*** Begin section ***

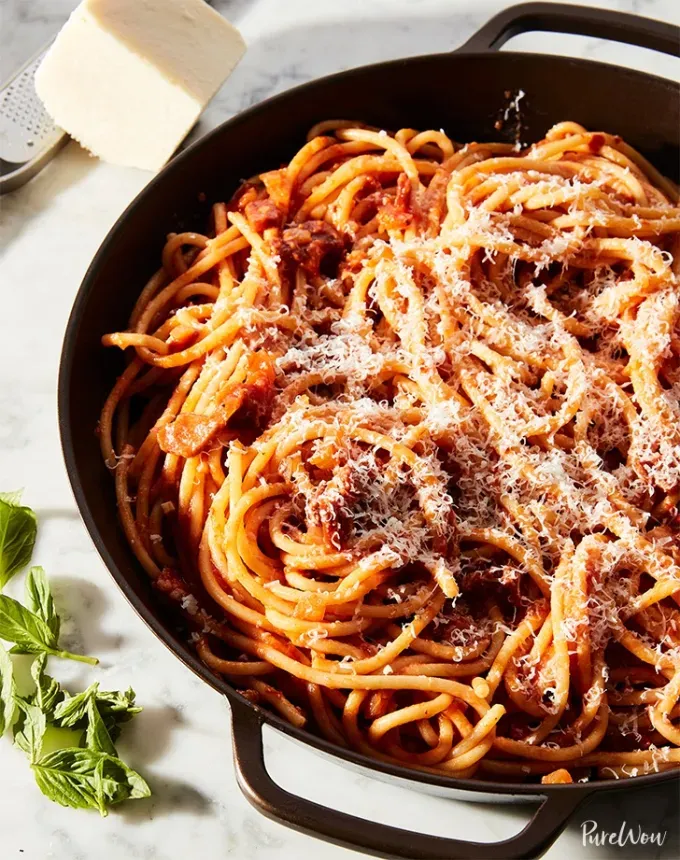 easy dinner party recipes: spicy bucatini amatriciana' title='34 Easy Dinner Party Recipes for Stress-Free Entertaining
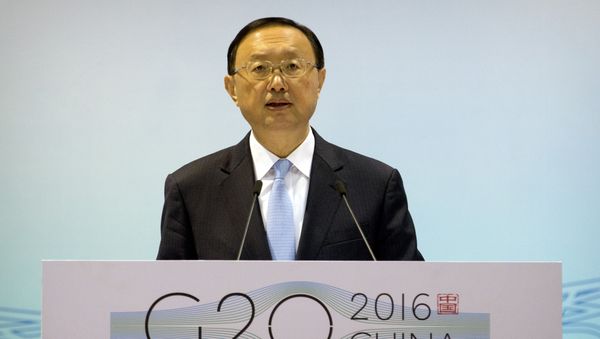 Chinese State Councilor Yang Jiechi speaks at the first 2016 G20 Sherpa Meeting in Beijing on January 14, 2016. The Sherpa Meeting is taking place ahead of the G20 Summit, which will be held in Hangzhou in eastern China's Zhejiang province in September 2016 Chinese State Councilor Yang Jiechi speaks at the first 2016 G20 Sherpa Meeting in Beijing on January 14, 2016. The Sherpa Meeting is taking place ahead of the G20 Summit, which will be held in Hangzhou in eastern China's Zhejiang province in September 2016 - Sputnik International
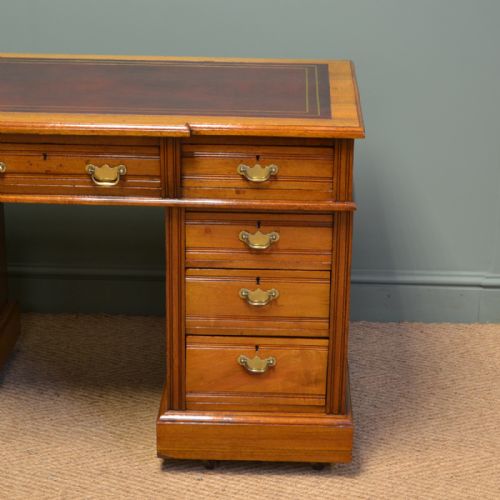 fig 1. Spectacular Walnut Break Fronted Victorian Antique Pedestal Desk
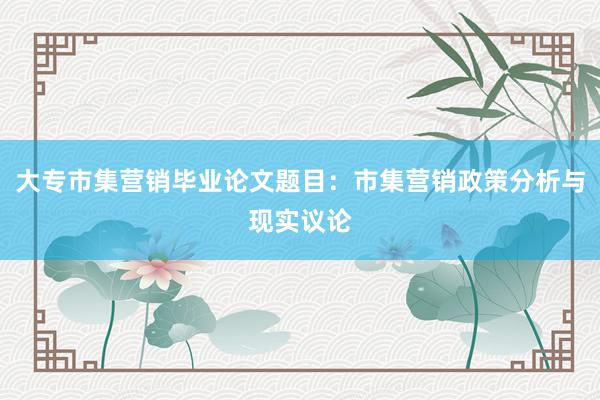 大专市集营销毕业论文题目：市集营销政策分析与现实议论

*** End section ***

Assignment: In the material above, one part opens with the line containing "- Sputnik International" and closes with the line containing "fig 1. Spectacular". Write out that part exactly and skip its pictures.

Exercise result:
 Chinese State Councilor Yang Jiechi speaks at the first 2016 G20 Sherpa Meeting in Beijing on January 14, 2016. The Sherpa Meeting is taking place ahead of the G20 Summit, which will be held in Hangzhou in eastern China's Zhejiang province in September 2016 Chinese State Councilor Yang Jiechi speaks at the first 2016 G20 Sherpa Meeting in Beijing on January 14, 2016. The Sherpa Meeting is taking place ahead of the G20 Summit, which will be held in Hangzhou in eastern China's Zhejiang province in September 2016 - Sputnik International
 fig 1. Spectacular Walnut Break Fronted Victorian Antique Pedestal Desk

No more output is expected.